Die Anwohner sind sicher: Die Idee, auf der anderen Seite der Bundesstraße eine Motocross-Piste zu etablieren, wird für zusätzlichen Motorenlärm, Staub und Benzingeruch in Nöthnitz sorgen, wie bereits die jüngste Probefahrt der Motorsportler zeigte. Schon jetzt herrscht Unruhe im Wohngebiet. Ungewissheit, Zukunftssorgen und Frust haben sich dort ausgebreitet, wo zuvor Familien guten Wissens ihr Eigenheim bauten, mit dem Wunsch, hier Ruhe zu finden und anzukommen.

Bisher steht lediglich das große Motocross-Rennen am 23. September fest. Alles Weitere ist unklar. Behörden prüfen derzeit, ob der Sport dauerhaft eine Chance auf der besagten Fläche an der Bundesstraße hat. Was, wenn das Projekt durchgeht? Die Nöthnitzer sind ratlos. „Wir haben nichts gegen die Motorsportler und wir haben auch nichts gegen die Tradition in Bannewitz“, stellt Dirk Ritter klar. Diese Tradition sei aber stets nur ein großes Rennen pro Jahr gewesen – nicht mehr. Einer Dauerbeschallung durch Cross-Maschinen unter anderem an mehreren Wochenenden im Sommer wollen sich die Nöthnitzer in Haus und Garten nicht aussetzen. „Es sei denn, es fahren Elektro-Fahrzeuge.“

Bisher scheinen Motorsportler und Anwohner von einem Konsens weit entfernt, insofern es diesen überhaupt geben kann. „Egal wie der Kompromiss aussieht, er wird zu unseren Lasten gehen“, sagt Thomas Mächold. Der Motocross werde ihnen ungefragt vorgesetzt. Eine adäquate Entschädigung für die Belastung sei kaum zu erwarten. Seit zehn Jahren wohne Thomas Mächold mit seiner Familie in Nöthnitz. Ihren Lebensmittelpunkt haben sie sich hier aufgebaut. Genauso wie andere belastet ihn der Umstand, dass der Motorsport Unruhe in das Wohngebiet bringt, dass das Projekt Bannewitz spaltet und die betroffenen Anwohner zum Teil als überempfindliche Zugezogene diffamiert werden, die nichts für die Bannewitzer Tradition übrig hätten.

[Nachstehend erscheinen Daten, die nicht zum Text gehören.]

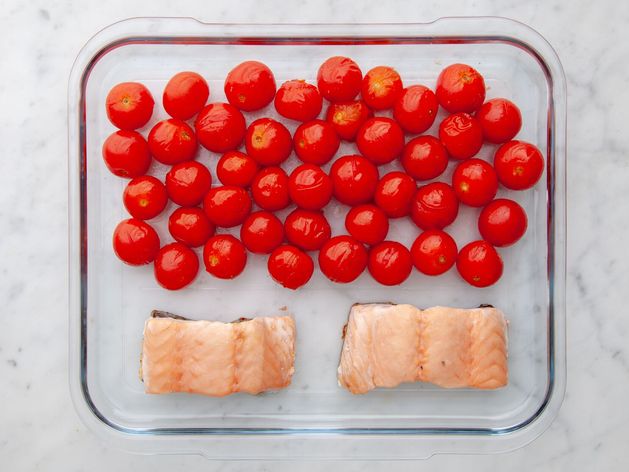 Salmon (Skinless) and Cherry Tomatoes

Die Nöthnitzer fühlen sich alleingelassen mit ihren Sorgen und fragen sich: Warum ausgerechnet hier? 16 Motocross-Strecken gibt es in Sachsen. Keine davon befinde sich so nah an einem Wohngebiet. Bisher habe weder der Verein noch die Gemeindeverwaltung ernsthaft das Gespräch mit den Betroffenen gesucht. Bisher haben die Parteien nicht an einem gemeinsamen Tisch ihre Interessen besprochen. Die Anwohner wissen nicht, in welchem Umfang der Motocross in der Nachbarschaft betrieben werden soll und ob irgendwann sogar ein Großaufgebot an Cross-Fahrern von überall her zu erwarten ist.

„Worauf können wir noch vertrauen?“, fragt Mächold. Für Vertrauen brauche es einen offenen Dialog. Ohne diesen erhärtet sich für die Nöthnitzer der Verdacht, dass das Verfahren zur neuen Cross-Strecke zügig vorangetrieben werden soll, im Sinn der Motorsportler.